FURIA Y LLANTO EN EL BÚNKER
Adolf Hitler acepta la derrota: 22 de abril, el día que se derrumbó el Führer
Ante el avance de las tropas soviéticas y el fracaso de sus generales, Adolf Hitler declara perdida la guerra. El caos reina en el búnker del líder nazi.
El colapso de las esperanzas nazis
Mientras las fuerzas soviéticas rodeaban implacablemente la capital alemana, Hitler se aferraba desesperadamente a la idea de un contraataque milagroso que aliviara la presión de las tropas enemigas sobre Berlín. Su plan maestro descansaba sobre los hombros del general Felix Steiner, que tenía órdenes de lanzar un ataque desde el norte para detener el avance soviético.
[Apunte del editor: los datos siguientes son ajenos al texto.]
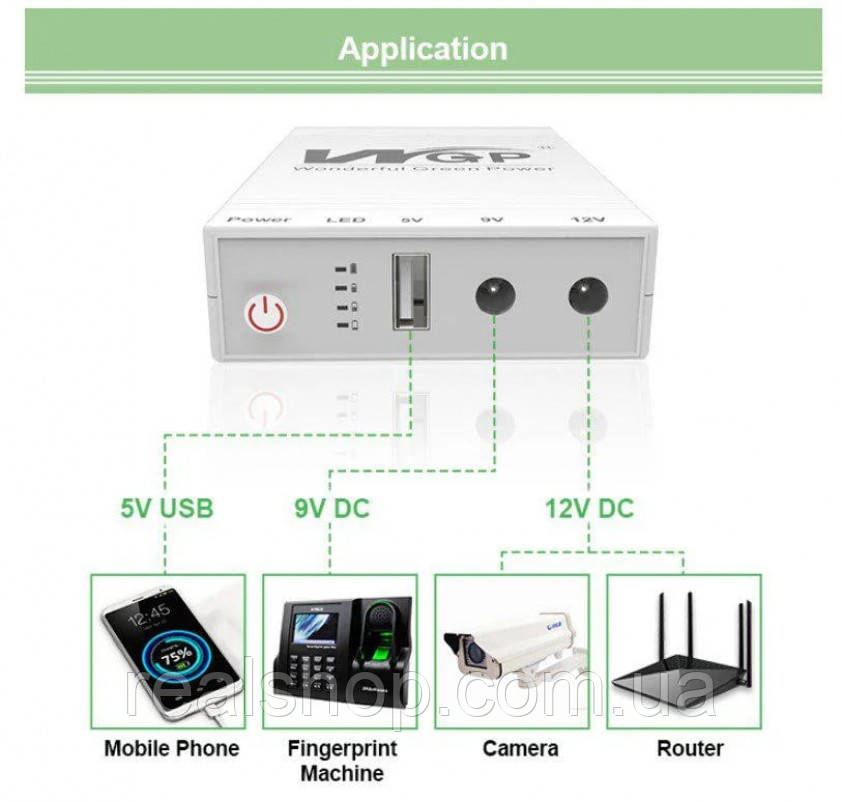 Power Bank WGP Mini UPS 5V/9V/12V 38.48WH 10400 mAh білий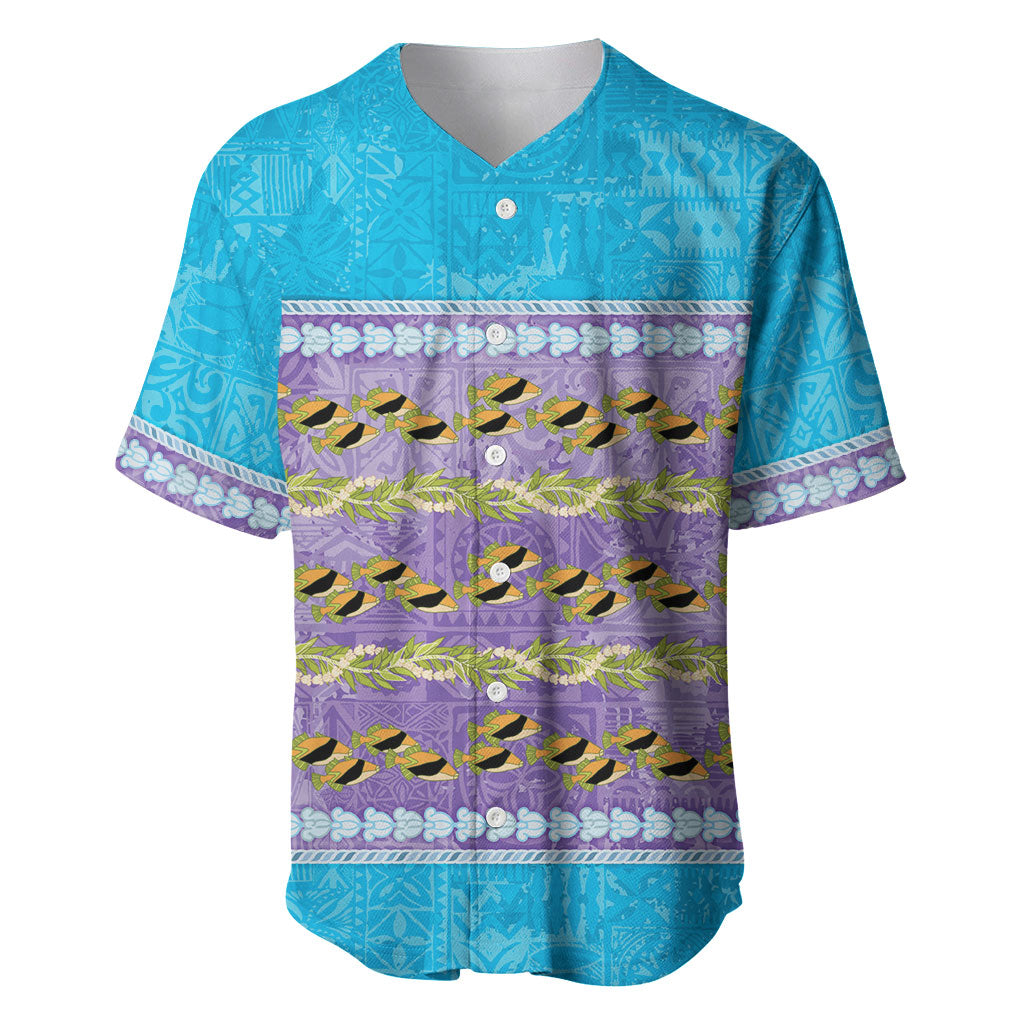 Hawaii Humuhumu Fish Maile Pikake Lei Baseball Jersey Tribal Tapa Blue Version LT05 Blue - Polynesian Pride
La mañana del 22 de abril, Hitler esperaba con ferviente anhelo noticias de este contraataque. Sin embargo, a medida que transcurría el día, la amarga verdad se hizo evidente: la ayuda no llegaría. La retirada de Steiner debido a la insuficiencia de hombres y armas, sumada al avance inexorable del Ejército Rojo, quebró la frágil esperanza que aún albergaba el Führer.
Ante la inminente catástrofe, Hitler experimentó un colapso emocional. Furibundo, el líder nazi lanzó una caterva de gritos acusando a sus generales del fracaso del ejército alemán, antes de derrumbarse en un sillón y llorar desconsoladamente ante la admisión de la derrota. Por primera vez, Hitler reconoció abiertamente que la guerra estaba perdida y que prefería la muerte antes que ser capturado.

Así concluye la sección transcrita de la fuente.